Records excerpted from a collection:
--
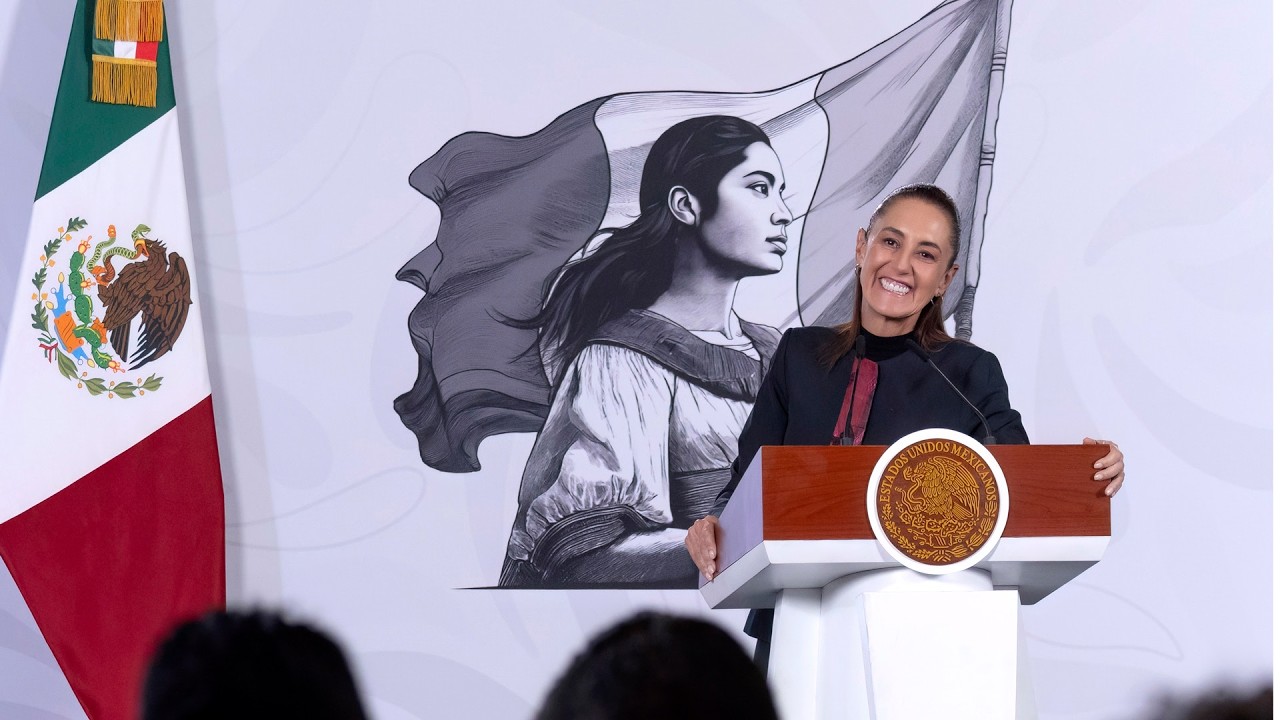 Mañanera de Claudia Sheinbaum del 9 de junio de 2026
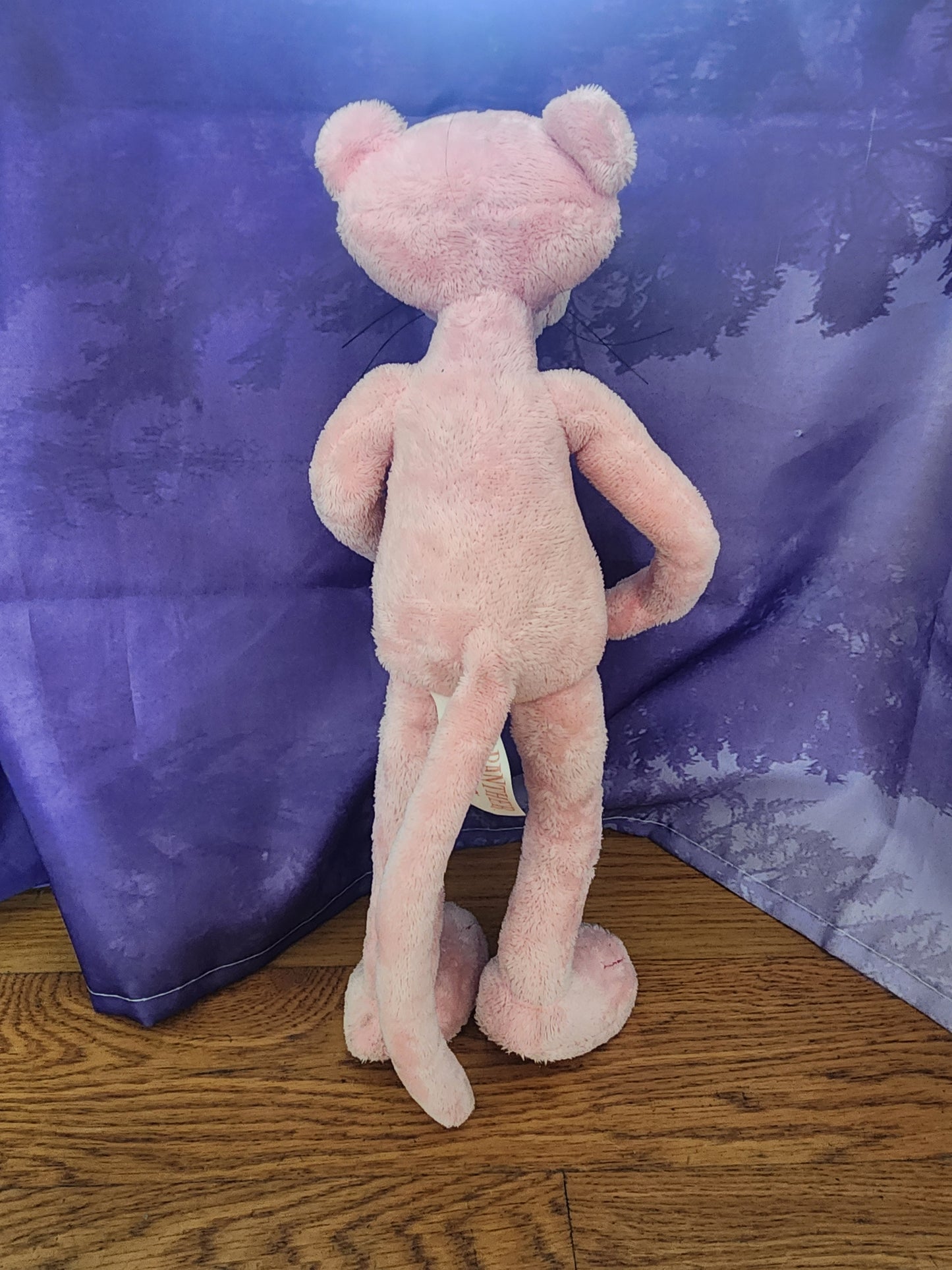 Pink Panther Bendable  12 " Aurora Doll : Great Condition! 2005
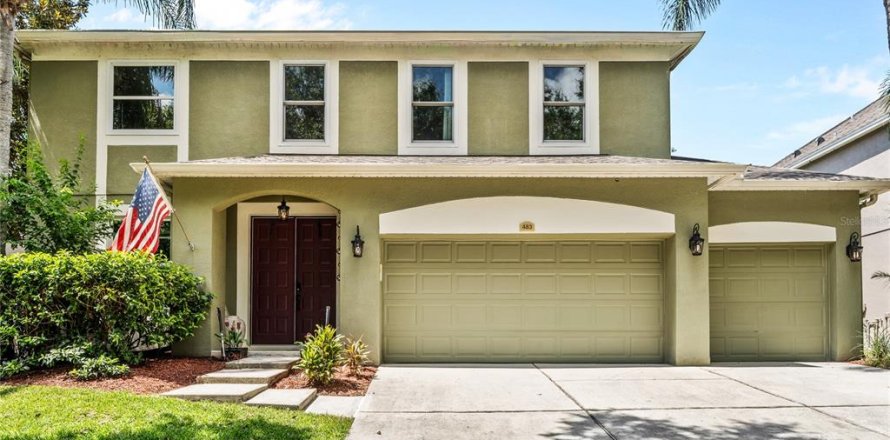 Villa ou maison à Lake Mary, Floride 4 chambres, 265.51 m2 № 2235633
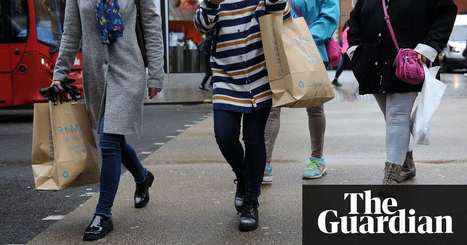 UK economy feels chill from spectre of disorderly Brexit | Business | The Guardian | Macroeconomics: UK economy, IB Economics | Scoop.it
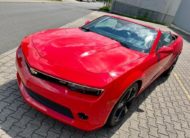 Chevrolet RS 3.6 kabrio automat kůže 20palců headup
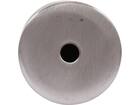 Oxloc Deurstopper rvs wandmontage 30X120 MM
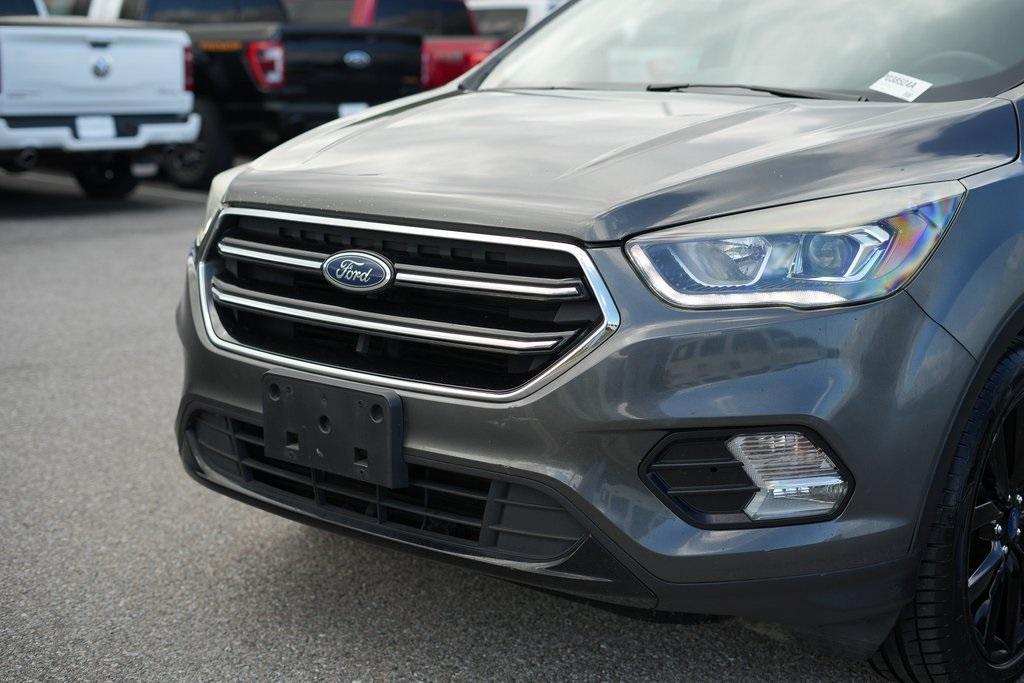 used 2018 Ford Escape car, priced at $10,190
--
DIRECTIONS:
Write the data above out exactly. Leave out any pictures.

ANSWER BOX:
 Mañanera de Claudia Sheinbaum del 9 de junio de 2026
 Pink Panther Bendable  12 " Aurora Doll : Great Condition! 2005
 Villa ou maison à Lake Mary, Floride 4 chambres, 265.51 m2 № 2235633
 UK economy feels chill from spectre of disorderly Brexit | Business | The Guardian | Macroeconomics: UK economy, IB Economics | Scoop.it
 Chevrolet RS 3.6 kabrio automat kůže 20palců headup
 Oxloc Deurstopper rvs wandmontage 30X120 MM
 used 2018 Ford Escape car, priced at $10,190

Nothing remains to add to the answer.